Phishing comes in a variety of nauseating flavors, all of them are bad for your bank accounts and credit score. The most basic of phishing is email phishing. If you’re using an older email service, phishing emails might make it into your main inbox and out of morbid curiosity, you open it up – stop right there and don’t open it up. Fishy emails should be discarded on-sight. Even if it’s an important email and not a phishing scam, then you can simply recover the wrongly deleted email before it is auto-deleted from your email’s trash.
Phishing relies on your personal information. With more personal info on hand, scammers are more likely to socially engineer their way into your money. That’s why you should remove your personal information from the internet using a service like Wiperts. With Wiperts, your personal information is cleaned from online search engines and social media, making it harder for scammers to coax you using previously obtained information. Someone who calls you out of the blue, but seems to know you too well, is probably trying to get something from you. Be wary of strangers and old acquaintances who know too much about your personal life and simply pass it off as information gleaned from social media. They’ve done their research and are trying to become artificially closer to you and your money.
With important emails, verify the sender’s email address and other contact details. This is important to make sure you’re communicating with the right person. Simply searching the email in your email’s search bar should pull up other emails from the same address. Using CTRL+F to match character for character is also a good way to make sure the emails are exactly the same. When in doubt, it’s okay to call. Large transactions carried out via wire transaction should always be triple checked for authenticity and accuracy. If possible, don’t even deal with bank wires.

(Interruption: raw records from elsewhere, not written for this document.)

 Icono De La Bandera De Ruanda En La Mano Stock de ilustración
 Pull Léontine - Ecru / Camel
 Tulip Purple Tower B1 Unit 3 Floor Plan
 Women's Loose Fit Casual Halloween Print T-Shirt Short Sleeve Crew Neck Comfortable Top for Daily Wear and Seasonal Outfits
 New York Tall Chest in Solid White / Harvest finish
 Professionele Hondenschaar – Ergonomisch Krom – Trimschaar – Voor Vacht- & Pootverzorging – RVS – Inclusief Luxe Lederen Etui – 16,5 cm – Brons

Face to face is the best way to ensure that money is transferred successfully.
Quick scams and long-haul heists
Always be wary of unknown phone numbers. Whether through call or text message, you should be on your guard. Don’t give out personal information when you can’t hear the other person clearly. Whether you’re in a noisy place or they are, you should be able to hear their voice clearly in order to verify their identity. If possible, use video calling in order to verify and communicate vital information. Larger the transaction, the more questions you should ask. Responsible people who want to spend lots of money come prepared with what they need.
Scammers on the other hand create a sense of urgency and demand for fast action, similar to “rip and run” crimes. They act panicked and need your information/money right now, otherwise they’ll be in big trouble. Don’t let their acting cause you to be panicked and worried – that’s what they want in order to throw you off your game. I’m sure you’ve realized by now, but everyone in life is in a hurry to spend your money. This especially includes scammers and choosing beggars. Your money is your money and you shouldn’t feel guilty denying instant gratification to people who can’t afford it on their own dime and time.

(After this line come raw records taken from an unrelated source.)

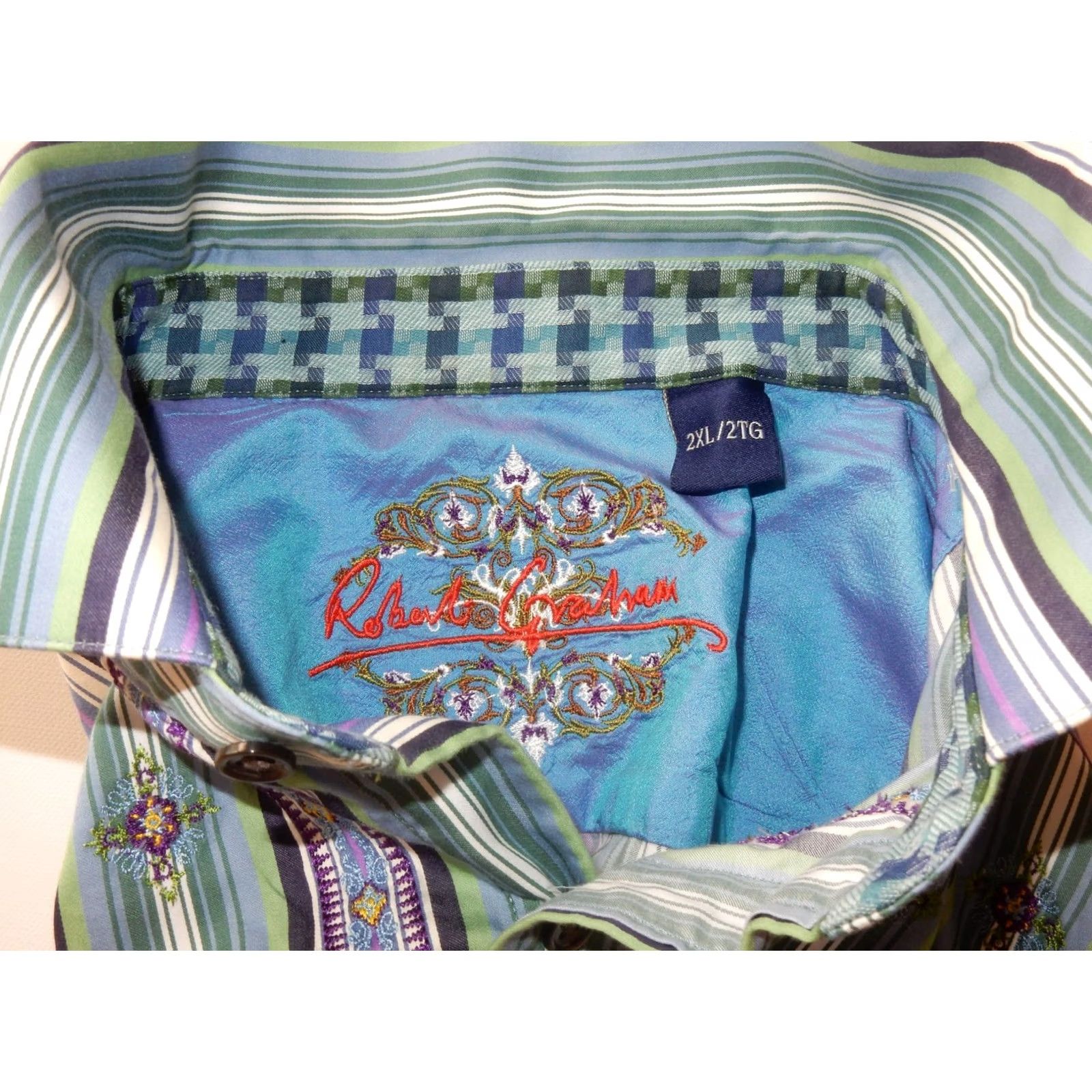 Robert Graham Robert Graham Shirt 2XL Button-Up Long Sleeve Embroidered Green Cotton Mens Size US XXL / EU 58 / 5 - 5 Thumbnail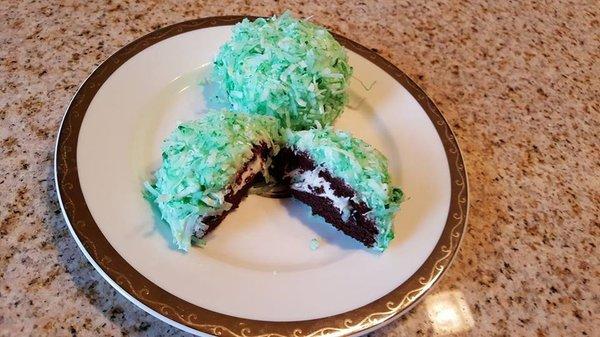 Like the Hostess snack cakes - this one is dressed up for St. Patty's Day!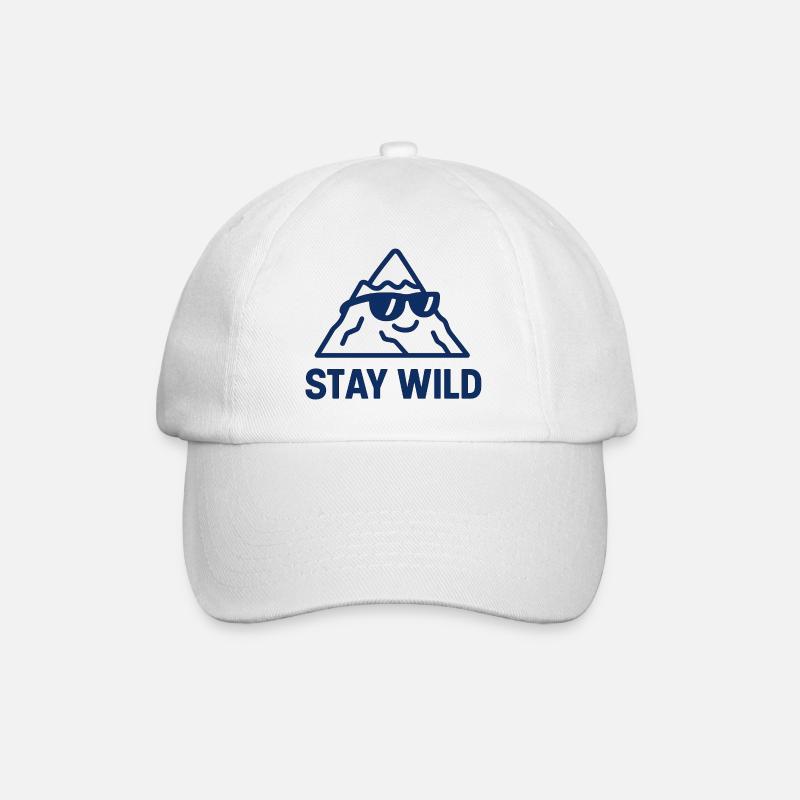 „Star Wild“Berglandschaft mit Sonnenbrille  - Baseballkappe - Weiß/Weiß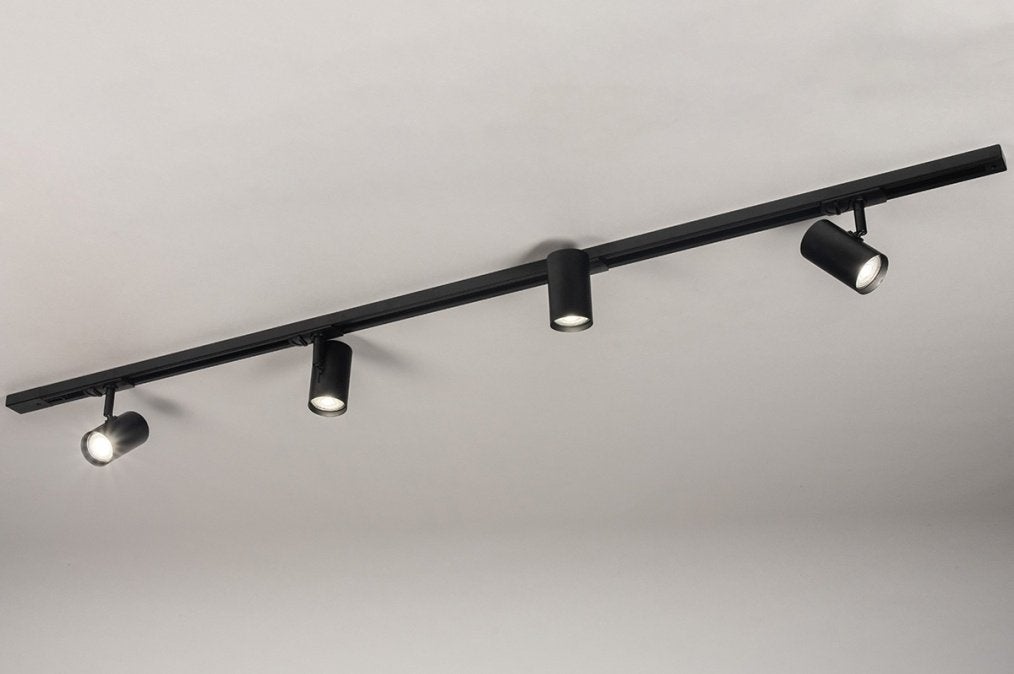 rails spots woonkeuken hoekbank bed zwart of rvs lamp 150cm, Ophalen of Verzenden, Nieuw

Slow, methodical scams build up a sense of rapport and false security. Like someone who marries for money, these heists take a long time to pull off. Once the scammer has their foot in the door, they’ll keep at it until they successfully steal a large amount and whatever else they can. These scams usually snowball into ridiculously large amounts. A small amount is needed at for unbelievably large potential returns. You need to pay a small deposit in order to receive your lottery winnings overseas. It’s a lotto you’ve never heard of, but once you deposit a little bit of pocket change, you’ll be rich. Once that small amount is given, you can kiss that money goodbye. These types of scams get you to invest emotionally and financially. Once you’re in, they make it hard for you to pull out for fear of losing what you’ve already given.
Scams always rely on one thing – your personal information. The more personal information they can get from you, the better. It makes stealing easier and even after you stop giving them money. With your personal information they can still steal as much as they can before moving on. Many institutions won’t try too hard to go after scammers, especially if the money was given over voluntarily (even though the underlying basis was a fraud). Don’t give out your personal information in exchange for too good to be true promises.